Embroidered covers from a Georgian sofa
The embroidered covers from a late 18th century sofa, owned by a private collector, were cleaned, strengthened and reapplied to the sofa frame for minimal use in a private home
A George III mahogany sofa, dating to the third quarter of the 18th century, the serpentine back, scrolled arms and top and sides of the squab cushion covered in gros and petit point embroidery, with a central cartouche showing two female figures, surrounded by foliate and strapwork motifs on a plain ground. The sofa measures 38 ½ in. (98 cm.) high; 80 in. (203 cm.) wide; 31 in. (79 cm.) deep.
The embroidery is worked in polychrome wool and silk threads in tent stitch on an undyed linen canvas ground fabric. The edges of the arms, at the junction of the back and arm cover panels and all round the upper edge of the cushion are trimmed with a braid woven with plush square motifs.

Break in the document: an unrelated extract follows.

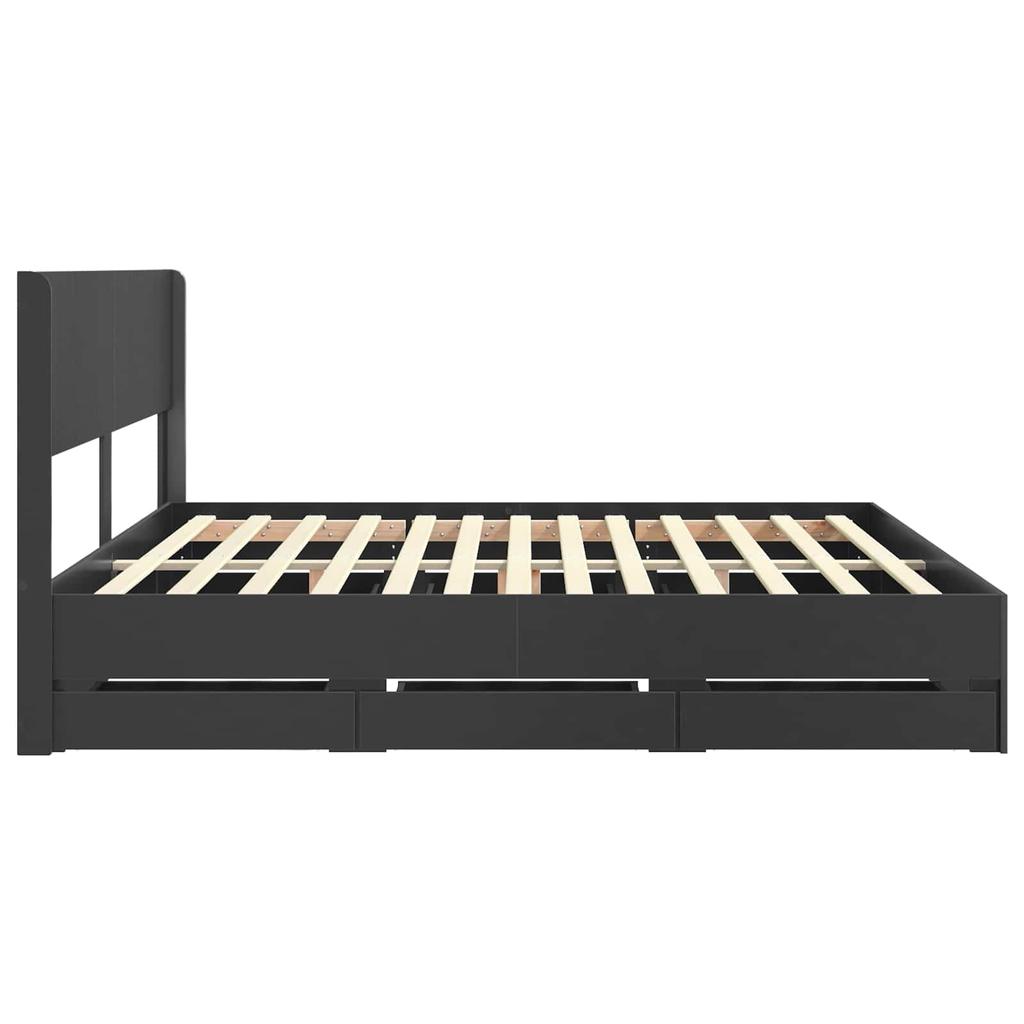 Bed Frame with Storage and Headboard Black 180 X 200 Cm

The covers had been extensively reworked. The polychrome wool threads were badly faded. Almost all the original dark brown background wool threads had been embroidered over with mid-brown wool threads, seemingly because the dark brown original threads had worn away, leaving the linen canvas ground exposed. The mid-brown wool threads are likely to have started out matched to the original dark brown. Portions of other colours of wool thread had also been reworked. The canvas ground was weak all over, with many splits over the entire surface of the covers. Where splits occurred, the embroidery threads had started to unravel. In places, such as the proper right side of the petit point embroidery on the central cartouche, the canvas was holed. The upholstery was modern. The webbing and bottoming fabrics on the underside of the sofa were all replacements, as were the fabrics on the upper face of the sofa seat, the lower face of the squab cushion and the outer back and sides of the sofa.
The brief was to remove, conserve and replace the embroidered covers on the sofa for light use in a private house.

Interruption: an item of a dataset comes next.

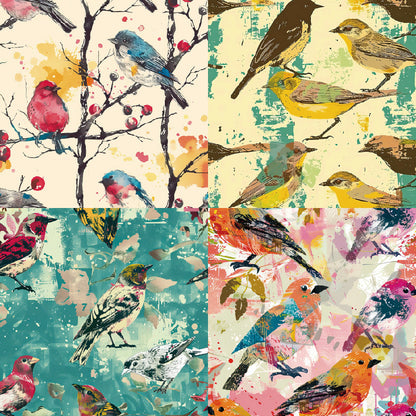 24PCS 6" Birds On Branches Scrapbook Paper & Cardstock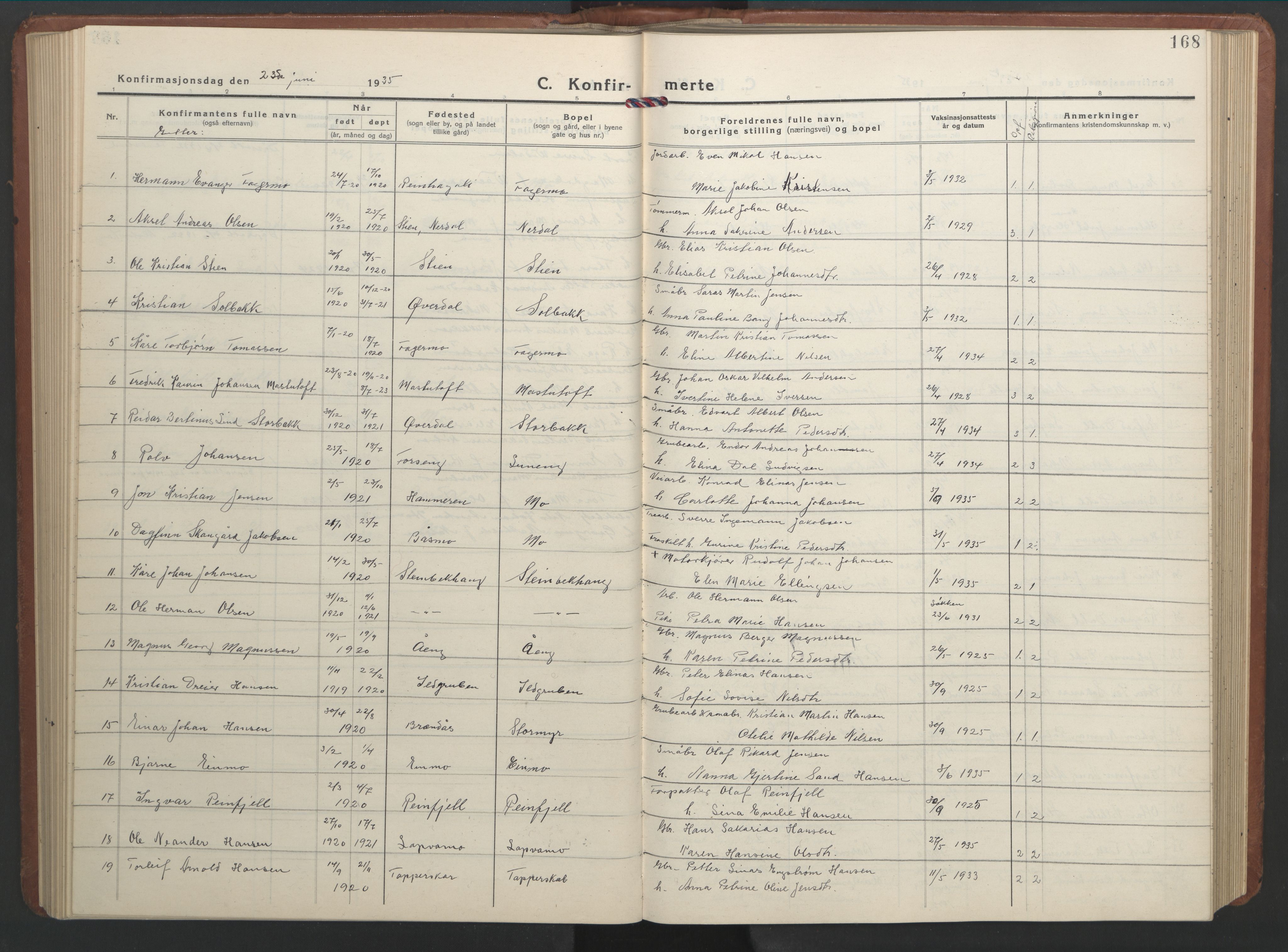Ministerialprotokoller, klokkerbøker og fødselsregistre - Nordland, SAT/A-1459/827/L0425: Parish register (copy) no. 827C14, 1931-1946, p. 168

The sofa was thoroughly documented.
The embroidered covers were removed from the sofa frame.
The covers were surface cleaned with low-powered vacuum suction to remove any loose, particulate soils. Loosely adhered calico patches were carefully peeled away from the reverse of the panels.
Each panel of embroidery was attached to a full lining of new linen fabric. Support stitching and laid and couched stitching was worked over the entire panel, holding splits together and supporting particularly weak areas of embroidery and ground canvas. Small panels of new fine weave linen canvas, with the same thread count as the original canvas, dyed to match the original backing, were inserted behind the worst of the holes in the central cartouche of the back panel. Tent stitch was worked in dyed mercerized cotton thread over the new canvas patches to blend with the original stitching. These new patches are attached to the new linen lining fabric only – they could be removed, if necessary, without damaging the original embroidery.
The supported covers were re-applied to the sofa with staples, blued steel tacks and stitching worked in waxed linen thread and dyed polyester thread.
The sofa is in a sounder condition than before. Damaged areas of stitching and sizable splits in the ground canvas have been strengthened and supported. The owner is aware that prolonged use of the sofa will result in further splits opening up in the ground canvas.
To preserve the colours of the embroidery threads the sofa should be positioned away from bright natural or artificial light. To maintain the embroidery and the frame at a constant relative humidity, the sofa should be positioned away from sources of heat, such as radiators, wood burners or open fires.